Standard data exploring with pandas funcitions like.
- df.info()
- df.isnull().sum()
- df["column"].duplicated()
- df["column"].value_counts()
- df["column"].unique()
- df["column"].describe()
- df.shape
- etc.


`Enhanced Twitter Archive`

The WeRateDogs Twitter archive contains basic tweet data for all 5000+ of their tweets, but not everything. One column the archive does contain though: each tweet's text, which  used to extract rating, dog name, and dog "stage" (i.e. doggo, floofer, pupper, and puppo) to make this Twitter archive "enhanced." Of the 5000+ tweets, we have filtered for tweets with ratings only (there are 2356).
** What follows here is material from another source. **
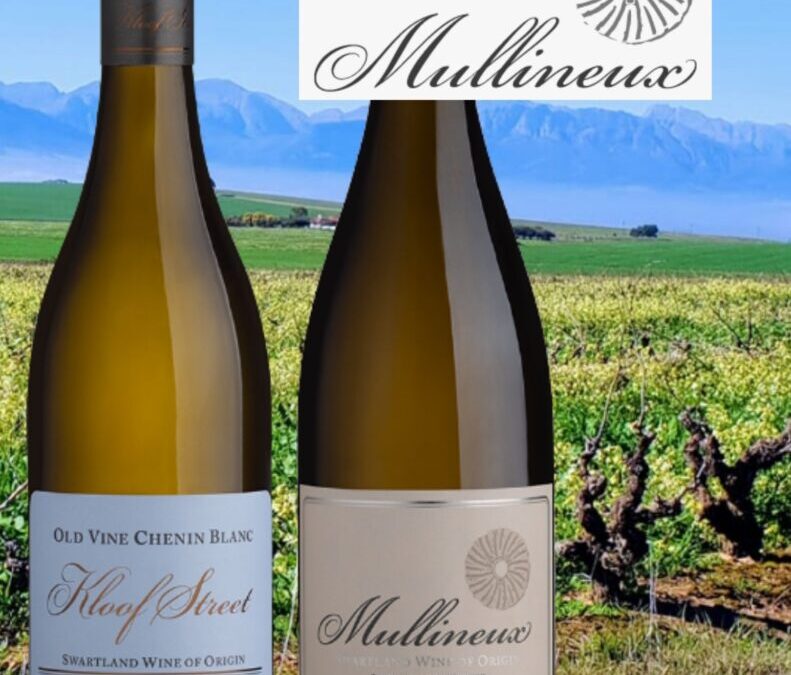 Découvrez les vins de Chenin blanc de la maison Mullineux d’Afrique du Sud!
`archive_df` columns and their description:
    
- **tweet_id**: the unique identifier for each of the tweet
- **in_reply_to_status_id**: the status id for the reply given to the tweet id
- **in_reply_to_user_id**: the status id for the reply given to the tweet id ( w.r.t user id)
- **timestamp**: Date and time the tweet was created, in Excel-friendly format.
- **source**: the web link as source
- **text**: the corresponding tweets text
- **retweeted_status_id**: the status id for the reply given to the tweet id i.e., for the retweeted id
- **retweeted_status_user_id**: the status id for the reply given to the tweet id ( w.r.t user id) i.e., for the retweeted id
- **retweeted_status_timestamp**: Date and time the tweet was created, in Excel-friendly format.
- **expanded_urls**: Expanded version of url1; URL entered by user and displayed in Twitter. Note that the user-entered URL may itself be a shortened URL, e.g. from bit.ly.
- **rating_numerator**: the ranking given by the user
- **rating_denominator**: The reference ranking given by the user 
- **name**: the breed or dog's name
- **doggo**, **floofer**,  **pupper**, **puppo** -- The stage of the dog

the link to the twitter data columns description can be found [here ](https://sfm.readthedocs.io/en/1.4.3/data_dictionary.html)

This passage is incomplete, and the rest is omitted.